Officials at the Hagerman National Fish Hatchery, operated by the U.S. Fish and Wildlife Service, say reduced flows of cold, spring water used at the hatchery are forcing them to cut back by about 7 percent the number of steelhead smolts produced and introduced each year into the Snake River.
The cutback is a fraction of the more than 55,000 adult steelhead the Hagerman hatchery and other hatcheries run by Idaho, Oregon and Washington strive to provide each year.
But Hagerman Project Leader Brian Kenworthy says the hatchery's water supply, which has been on the decline for several years, could be an indicator of more significant troubles in the future.
The clear, cold spring water emitted from the rock walls along the Snake River is ideal for raising fish. The area where the springs are located, known as Thousand Springs, also supply water to private trout farms and other public fish farms that raise trout, sturgeon and other species.

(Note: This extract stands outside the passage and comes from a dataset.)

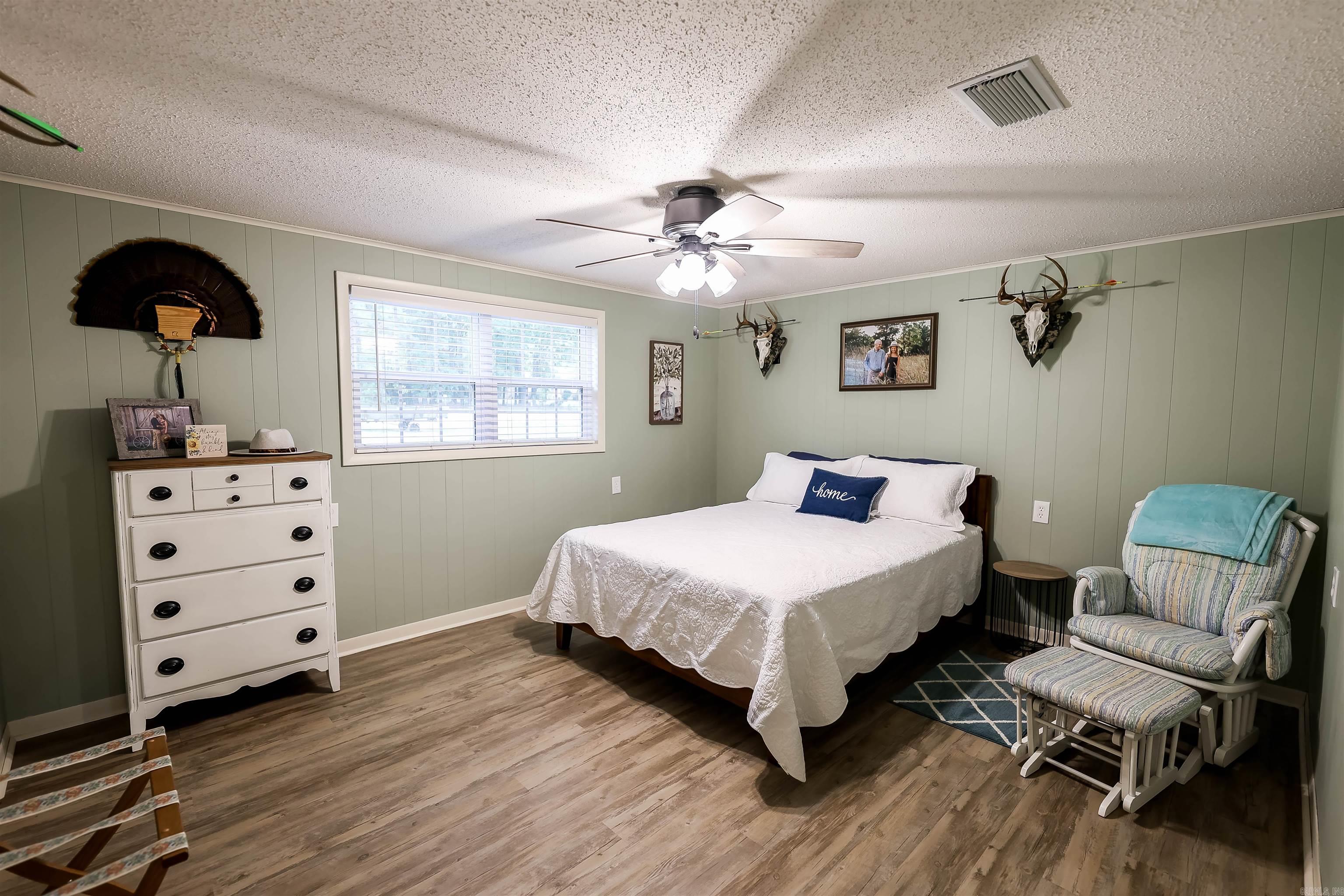 CAMDEN CITY METES & BOUNDS - Residential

The springs are fed by the massive Eastern Snake Plain Aquifer. In recent years, declining water flows at the springs have been a source of controversy between fish producers and southern Idaho farmers and ranchers who pump water from the aquifer to nourish crops.
State lawmakers this year approved an aquifer management plan, which includes plans to replenish, or recharge, and stabilize levels.
Kenworthy said the reductions in smolt production means fewer fish for sportsmen in Idaho, Oregon and Washington.
"We see it as providing a product for the citizens of the Northwest," Kenworthy told the Times News.
The Hagerman hatchery aims to raise enough smolts each year so an estimated 13,600 steelhead can return as adults to spawn. To meet that goal, Kenworthy said the hatchery must produce and release about 1.45 million smolts each year, a return rate of about 1 percent.
Kenworthy says he'll have to cut back by 100,000 smolts soon. The hatchery was revamped and expanded in 1963 as part of the Lower Snake River Compensation Plan to offset losses of salmon and steelhead caused by the series of dams located on the lower Snake River.
That reduction comes after the Hagerman facility recently boosted production to make up for a 160,000-smolt loss at the nearby state-run Magic Valley Fish Hatchery, said Scott Marshall, program manager for Fish and Wildlife Service.